Dalam Omnibus Law, angka 30 persen hilang dan pengaturan diserahkan kepada pemerintah pusat di tingkat yang lebih rendah dari UU, yaitu Peraturan Pemerintah (PP).

"Pemerintah pusat mengatur luas kawasan yang harus dipertahankan sesuai kondisi fisik dan geografis DAS dan/atau pulau," demikian beleid ini di Pasal 18 ayat 2 ini diganti, dalam Pasal 36 Omnibus Law.

Alasan penghapusan kewajiban 30 persen ini tertuang dalam naskah akademik Omnibus Law halaman 1347. "Kewajiban mempertahankan kawasan hutan minimal 30 persen ini sudah tidak relevan dengan perkembangan saat ini mengingat di Pulau Jawa sendiri, kawasan hutan sudah kurang dari 30 persen"

Selain menghilangkan klausul 30 persen, Omnibus Law juga menambahkan satu ayat dalam Pasal 18 UU Kehutanan. Bunyinya yaitu: "ketentuan lebih lanjut mengenai luas kawasan hutan yang harus dipertahankan, termasuk pada wilayah yang terdapat Proyek Strategis Nasional (PSN) diatur dengan PP". (bisnistempo.co, 10/10/2020)
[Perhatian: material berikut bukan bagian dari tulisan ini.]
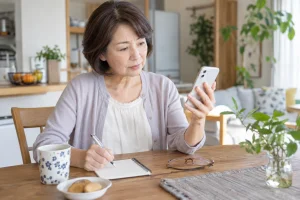 不審な通知を確認する一人暮らしの女性
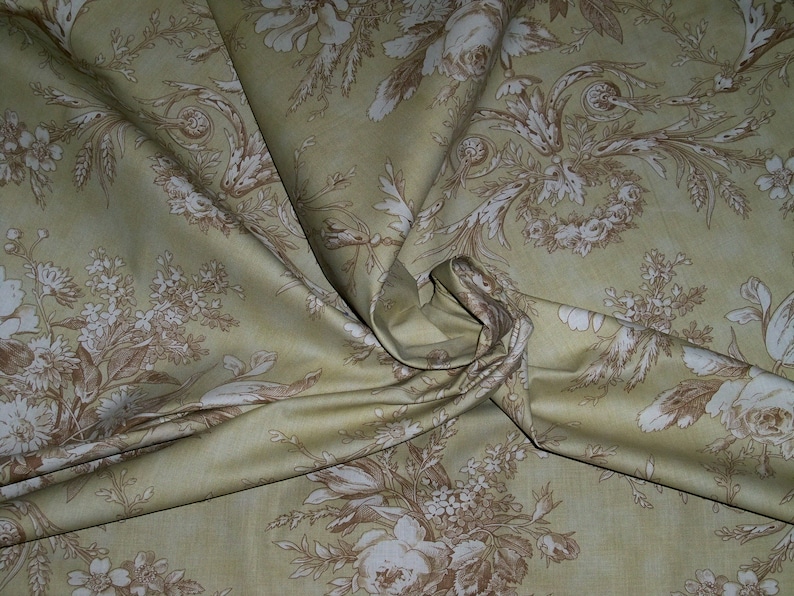 Puede incluir: Una tela beige con un patr&oacute;n floral marr&oacute;n. La tela est&aacute; doblada y drapeada, mostrando el patr&oacute;n en detalle.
Adanya revisi pada UU Omnibus Law sejatinya mengonfirmasikan bahwa undang-undang ini dibuat hanya untuk kepentingan segelintir orang semata (baca: kapitalis). Dan membuktikan undang-undang buatan manusia hanya menyisakan cacat di mana-mana. Begitu nampak pengeksploitasian alam terjadi tanpa lagi memperhatikan amdal. Lahan-lahan hijau kini dibabat habis untuk pembangunan pabrik-pabrik. Tak ayal bencana alam pun belakangan ini sering menghampiri negeri. Atas nama pertumbuhan ekonomi kesejahteraan dan keamanan rakyat diabaikan. 
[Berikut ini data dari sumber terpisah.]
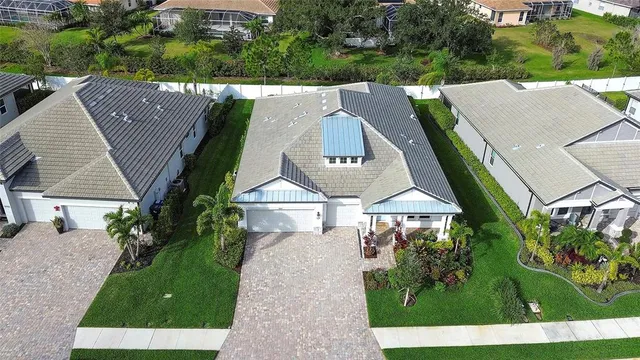 an aerial view of a house with a yard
Inilah ciri khas sistem ekonomi kapitalisme dengan prinsip kebebasan berkepemilikannya. Meraup keuntungan sebesar-besarrnya tanpa memperhatikan kemaslahatan alam maupun manusianya. Serta kemandulan negara terhadap periayahan (pemeliharaan) rakyatnya menambah beban derita kaum buruh. Dalam sistem ini negara hanya berperan sebagai regulator, pengawas semata.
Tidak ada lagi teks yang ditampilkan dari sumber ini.